Um exemplo emblemático deste tipo de indicador é a 'qualidade'. A 'qualidade'
é algo a que ninguém se opõe, que toda a gente procura, que fica fora e acima
das políticas partidárias - e que pouco significado intrínseco possui. Um exemplo
muito claro daquilo que pretendo dizer pode ser encontrado na publicação da
UE, European Report on the Quality of School Education: Sixteen Quality Indicators,
na qual 'qualidade' se transforma no meio principal através do qual a UE pode
intervir nos sistemas educativos nacionais. Neste documento, a neutralidade
e a flexibilidade da 'qualidade' são usadas não só para ampliar a agenda de
convergência através do alargamento da lista daquilo que pode ser compreendido
na qualidade, mas também para permitir uma mudança no papel dos indicadores,
que deixam de ser meros registos/reflexos daquilo que está a acontecer nos sistemas
educativos nacionais para se tornarem um meio para prescrever e o monitorizar
aquelas políticas e actividades.
Nada do que precede tem como objectivo sugerir que não tem havido mudanças extremamente
importantes na relação entre o estado e o mercado, entre o trabalho e o capital,
por exemplo, ou no lugar e no âmbito da política ao níveis nacional e supranacional,
ou que aquilo que se deve fazer é regressar ao nosso antigo vocabulário. É claro
que as velhas categorias já não funcionam como antes, e que os campos da política
e da educação, a sua interacção mútua e as suas relações com o capital se não
se transformou a todos os níveis, pelo menos modificou-se significativamente
pelo conjunto das forças e instituições referidas sob o nome de globalização.

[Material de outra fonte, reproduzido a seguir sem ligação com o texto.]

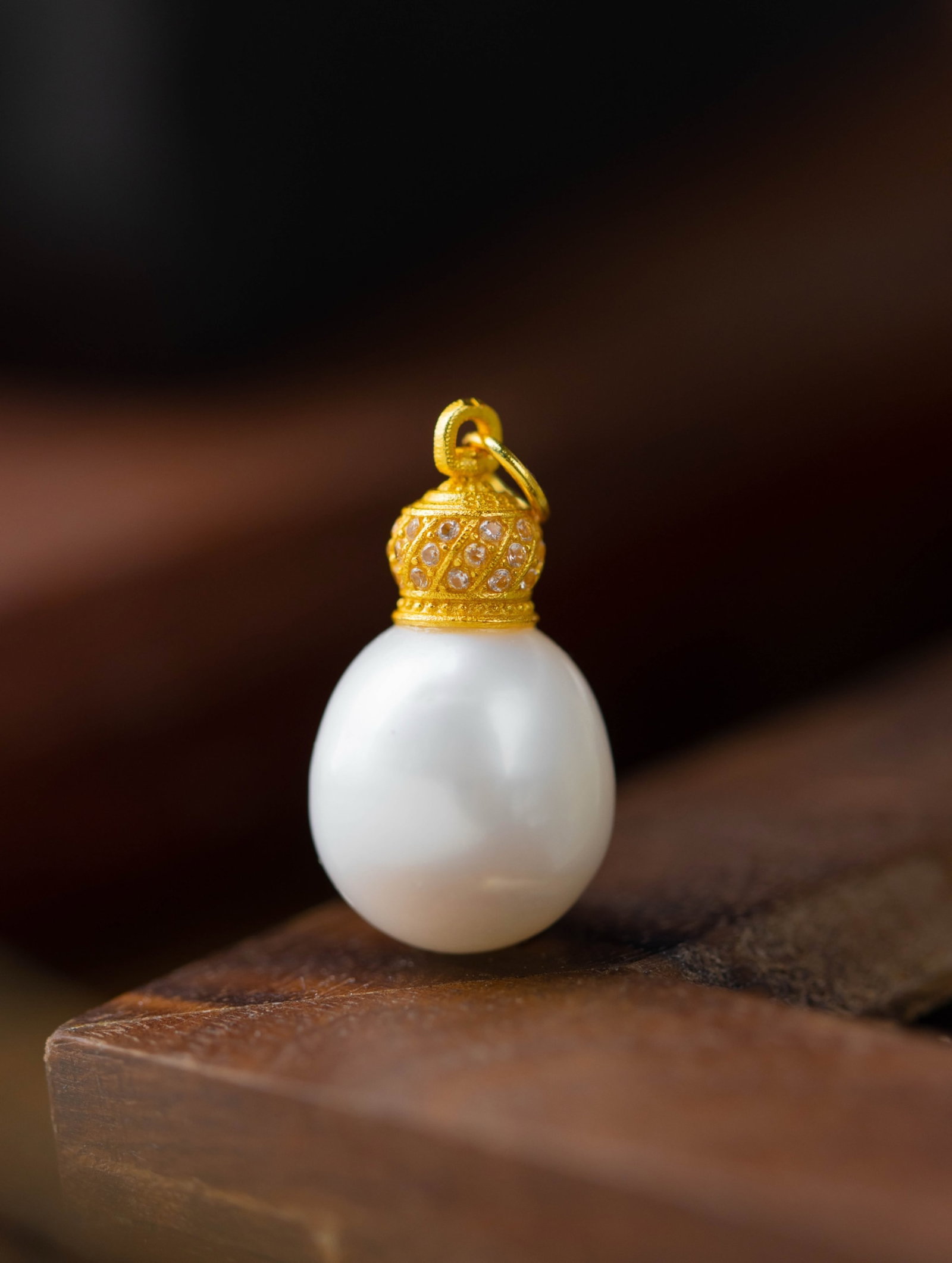 An Exquisite Sterling Silver-Gold Plated Inlaid Pearls Pendant,Inlaid Diamond: An Exquisite Sterling Silver-Gold Plated Inlaid Pearls Pendant,Inlaid Diamond 纯银镀金镶珍珠吊坠,嵌钻石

Trata-se, antes, de sugerir que não estamos bem servidos com os vocabulários
de fumos e de espelhos, e os conceitos de borracha e desenxabidos, que em muitos
casos foram introduzidos para substituir aqueles outros, e que essas alternativas
ameaçam por si mesmas contribuir para a despolitização da política.
1 A frase 'fumos e espelhos', inspirada nas artes mágicas que se baseiam no
'trompe l'oeil' para persuadir a audiência, é frequentemente usada para referir
a apresentação de políticas e partidos políticos.